Collection of the U.S. House of Representatives
About this object
Wisconsin Representative Frank James (Jim) Sensenbrenner chaired the Committee on Science for two terms before chairing the Judiciary Committee.
On this date, the U.S. House of Representatives passed the Uniting and Strengthening America by Providing Appropriate Tools Required to Intercept and Obstruct Terrorism Act, known by its acronym the USA PATRIOT Act, which vastly expanded the federal government’s surveillance powers. Following the terrorist attacks on September 11, 2001, lawmakers of the
107th Congress (2001–2003) worked to overhaul the country’s intelligence, immigration, and law enforcement agencies. Because the scope of the bill was so broad, House officials referred the legislation to numerous committees, including the Judiciary Committee which began its markup and debate on the bill in the fall of 2001. On October 15, however, staff working for Senate Majority Leader
Thomas Andrew Daschle of South Dakota found
powdered anthrax in a letter sent to his office. The House went into recess on October 17 as security officials tested the Capitol complex for the potentially deadly bacteria.

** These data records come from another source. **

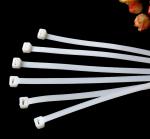 Nylon Cable Tie 5 Series Self Locking Cable Tie Pengikat Nylon Wire Nylon Cable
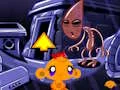 Mchezo Monkey Go Happy Stage 294 online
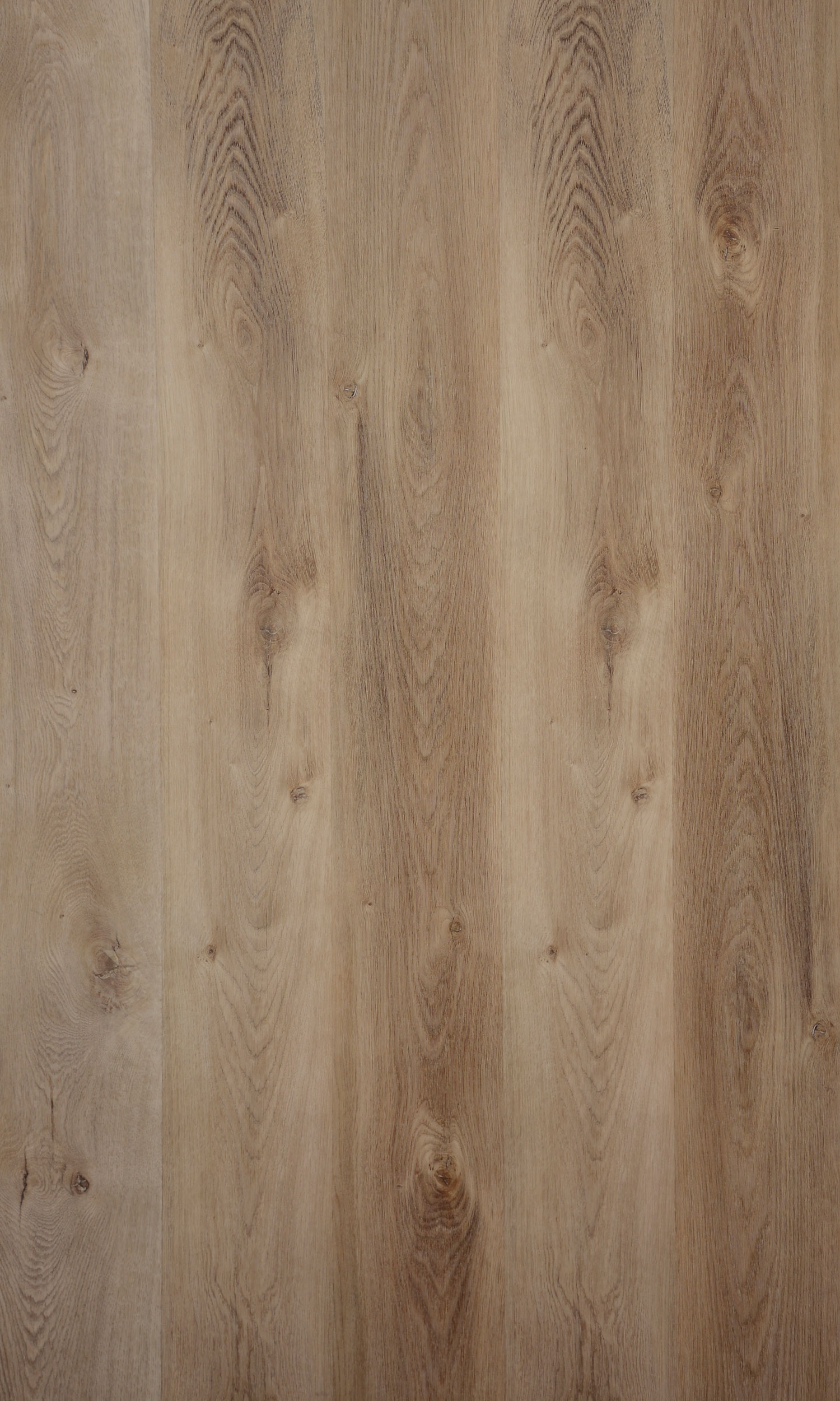 Canadian Warm Oak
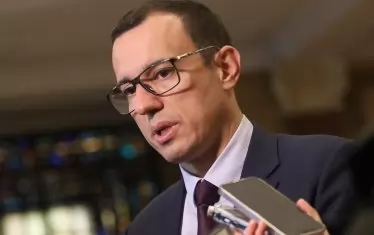 Бюджетът на София мина измъчено със скандали и пренаписване 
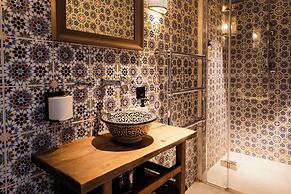 Rooms25
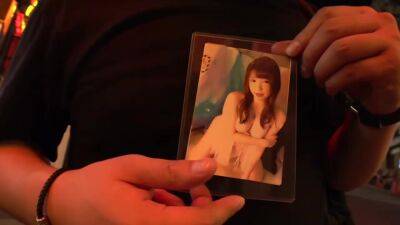 0000258_Japanese_Censored_MGS_19min - upornia.com - Japan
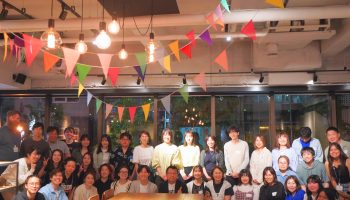【2025年最新】札幌で英会話を学ぶなら!ランゲージハウス札幌のフィリピンカルチャーナイト開催レポート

As a safety precaution, the Judiciary Committee moved to a new location where it continued its work on the legislation.
Tish Schwartz, chief clerk of the committee at the time, recalled Members and staff “crammed” into a new office with only one working computer. Left without their phones, fax machines, and internet access, they worked “on the floor, writing on yellow tablets,” Schwartz said, and were stuck “cutting, pasting, [and] taping,” together the draft of the bill to send to the Government Printing Office. “We went totally back to pre-technology days,” she remembered. When the House returned from recess on October 23, Judiciary Committee Chairman
Frank James “Jim” Sensenbrenner Jr. of Wisconsin introduced the final version of the bill. The USA PATRIOT Act (H.R. 3162) allowed officials to expand electronic surveillance of phones and emails, delay notification of search warrants, access business records, and detain immigrants without a hearing. The next day, the House approved the bill, 357 to 66. The Senate passed it the following day, 98 to 1, before President George W. Bush signed it into law on October 26, 2001.